Twenty-eight seconds.
"Ardis? "
"Tuhguh."
"Togo?"
"Tuh guh choo choo bang bang."
"Togo choo choo bang bang? Whatdoes that mean, Ardis? "
Fifteen seconds.
"Choo choo bang bang, Ardis? Is that some sort of game? "
Eighteen seconds.
"Ardis? What's choo choo bang bang? "
Thirty seconds, forty, fifty.
" What does it mean, Ardis? "
Eighty-three seconds. Click.
She said, "At that point, he turned away from me, wouldn't open his eyes. I waited awhile longer, but I knew it was all I was going to get out of him."
" 'Choo choo bang bang,' " said Milo.
She colored. "I know. It's pretty stupid, isn't it? I guess I shouldn't have gotten so jazzed. But at least it's something, right? He's talking to me. Maybe he'll keep talking."
"Where'd you keep the recorder?" I said.
"In my pocket." She pointed to the navy photographer's vest she'd draped over her chair. "I tried yesterday, too, but nothing happened."
" 'Choo choo bang bang,' " said Milo. " 'Bad eyes in a box.'"
"I've been trying to figure out some connection," said Heidi. Suddenly, she looked very tired. "Probably wasting your time. Sorry."

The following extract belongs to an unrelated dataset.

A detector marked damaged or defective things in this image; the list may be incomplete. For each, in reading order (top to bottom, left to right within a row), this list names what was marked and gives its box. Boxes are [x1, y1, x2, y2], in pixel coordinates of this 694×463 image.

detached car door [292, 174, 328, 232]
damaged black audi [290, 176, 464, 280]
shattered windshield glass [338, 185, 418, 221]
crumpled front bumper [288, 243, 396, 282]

"No, no," said Milo. "I appreciate your help. I'd like to keep the tape."
"Sure." She popped it out of the machine, gave it to him, placed the recorder back in the vest pocket, collected her purse, and stood.
Milo held out a hand and they shook. "Thanks," he said. "Really. Any information is helpful."

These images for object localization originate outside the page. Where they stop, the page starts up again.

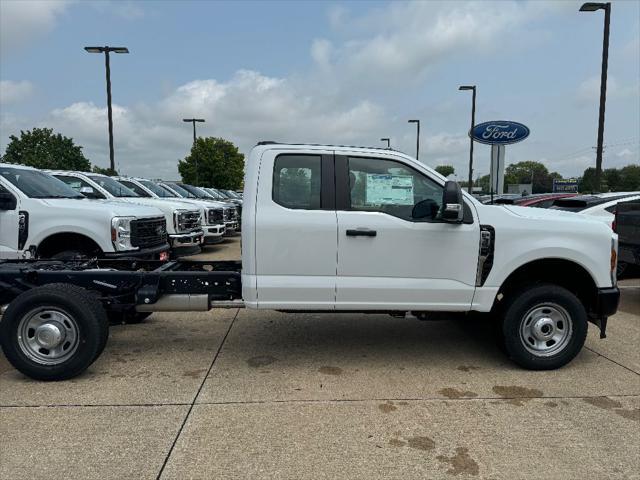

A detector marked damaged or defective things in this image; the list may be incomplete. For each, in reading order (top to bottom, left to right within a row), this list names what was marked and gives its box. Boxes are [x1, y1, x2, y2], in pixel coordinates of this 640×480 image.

pavement crack [154, 308, 239, 480] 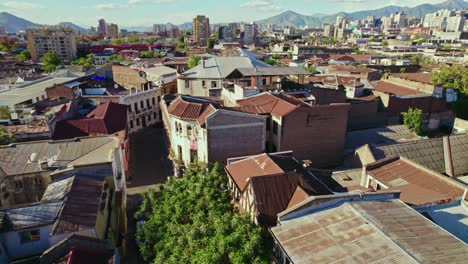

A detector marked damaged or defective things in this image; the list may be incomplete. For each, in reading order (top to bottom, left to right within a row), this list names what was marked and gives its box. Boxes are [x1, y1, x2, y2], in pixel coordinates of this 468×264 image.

rusted corrugated roof [370, 157, 464, 206]
rusted corrugated roof [268, 199, 468, 262] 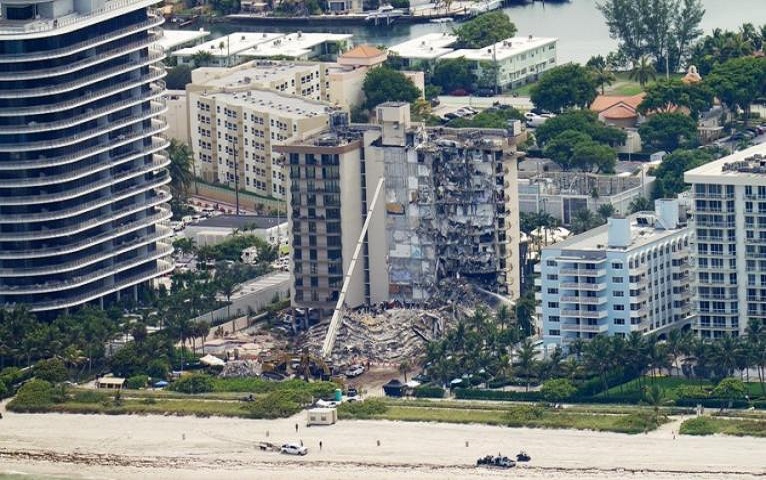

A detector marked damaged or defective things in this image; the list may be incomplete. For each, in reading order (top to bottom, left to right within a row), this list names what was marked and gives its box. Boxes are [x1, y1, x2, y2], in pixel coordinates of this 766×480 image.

damaged facade [276, 101, 520, 318]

She shrugged. "I guess.... Want me to keep taping?"
"I don't want you to do anything that violates regulations."
"Never heard of any regulation against taping."
"It's generally illegal to tape anyone without their knowledge, Heidi. Jail prisoners lose the presumption of privacy, but whether or not that applies to the men at Starkweather, I don't know."
"Okay," she said. "So I won't do it anymore." Shrugging, she moved toward the door.